Another thing that i realize now is that as far as predicting how well the relationship will go, setting up a baseline criteria for level of education is just as effective as saying "i want a guy who makes X amount of money" or "i want a guy who's taller than 6 ft." Can you know for sure that you'd be happier if you dated someone who's just the "ideal" height? Exactly. So Ben's a mechanic who's still going to school to be he doesn't know quite what, but the reality is it doesn't mean anything as far as his ability to love goes. In the past i've dated fellow grad students, a space scientist, an economics genius, an engineer, and so on and so forth. None of them came close to satisfying me mentally, emotionally, and physically as Ben can. BFD.

So, yeah... What's that again? Intellectual compatibility? Meh. It's overrated. At the end of the day, it all comes down to how well your personalities and characters mesh in with one another. It may be a predictor, but it's not all that matters. Ben and I are so different in many aspects, but i don't mind because i do feel that we perfectly complement one another...

Tuesday, February 19, 2008

Day 96 - I wish the world would go away

Ugh... I stayed up too late last night. At around 10:30 I told Ben i was going to head to bed because i was bored... I ended up digging around my old photo archive and posting up a few that i deemed worth some heavy editing. And then i chatted a little bit with people that i haven't talked to in a while. By the time i was really tucked in under my blanket, it was 1:30 in the morning. WAY too late. To make matters worse, it was cold and i couldn't sleep well...

Needless to say, this morning when my alarm rang at 6:45 i silenced it, rolled over onto the other side and fell back asleep (i'm so used to doing this that i can do it with my eyes closed now). It was probably the best hour of my entire sleep hours last night, because it was significantly warmer now that the sun's up.

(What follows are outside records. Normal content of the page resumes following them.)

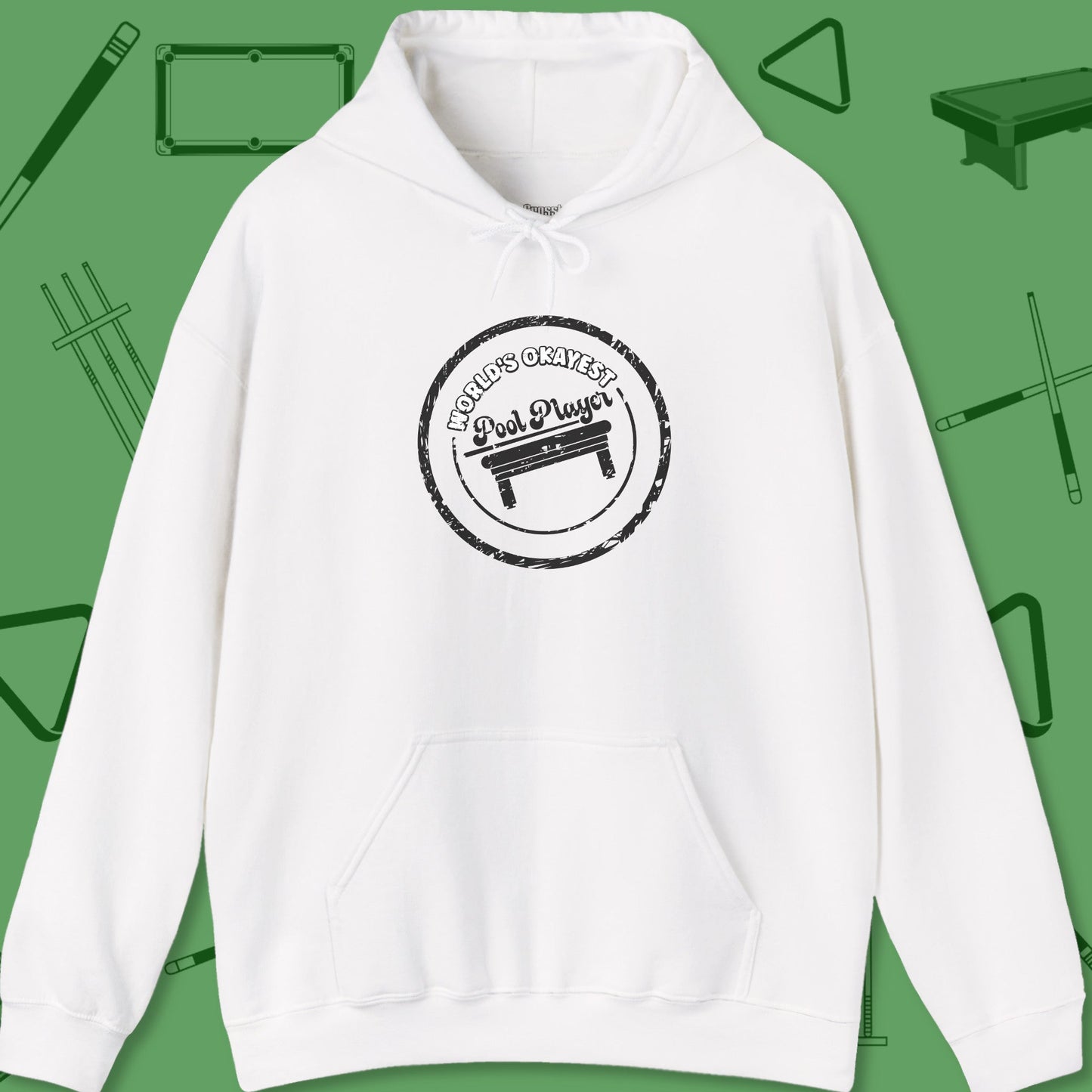 A Hoodie with billiards-themed design from Crossbank Clothing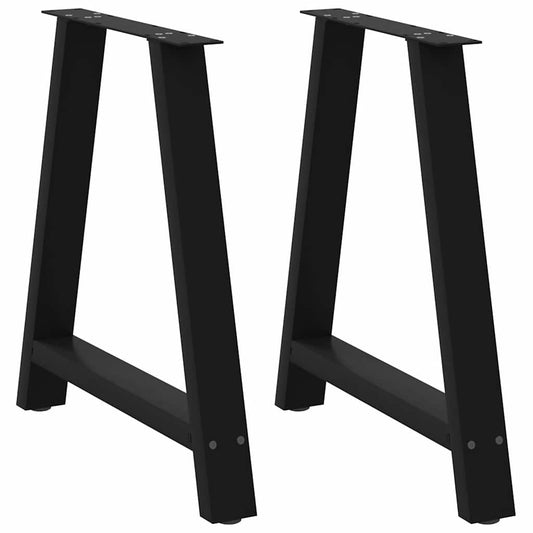 Black Steel A-Shaped Dining Table Legs 70x72-73cm, Set of 2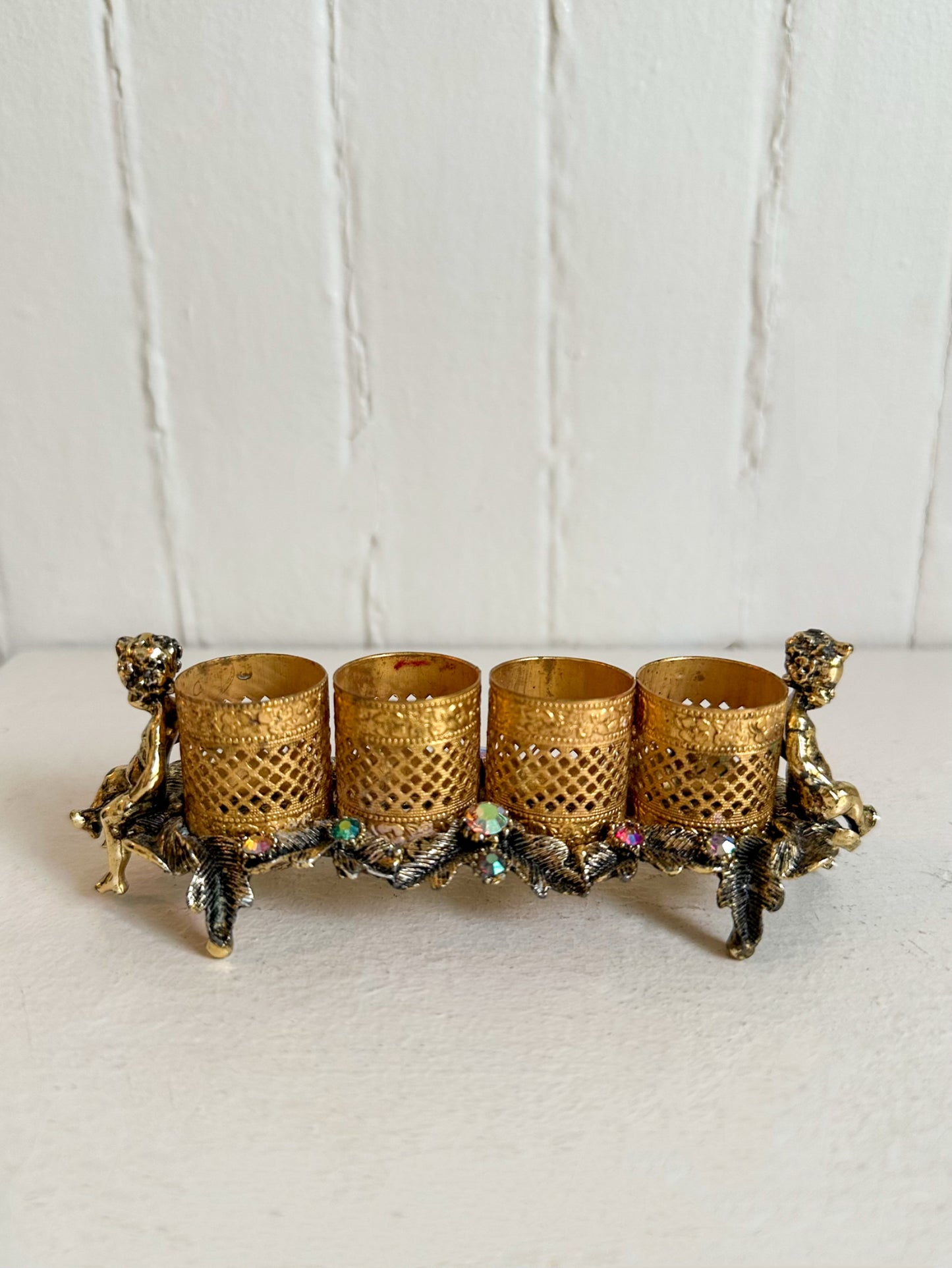 Vintage Cherub Jeweled Lipstick Holder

So i finally made it up and out of bed, but dragging myself to the shower was a completely different matter. Hmmmm... I guess i can safely say that i'm back on my photo-taking groove now, since my first impulse to the situation was: Quick! Take a photo in the shower!!!!

And there you go, my 365 photo for the day. In addition to getting out of bed late, i took my sweet time packing my sandwich for lunch (i decided that it's time to go back to the healthy, hearty, economical lifestyle). It was almost 11 AM by the time i got to school. Oh well.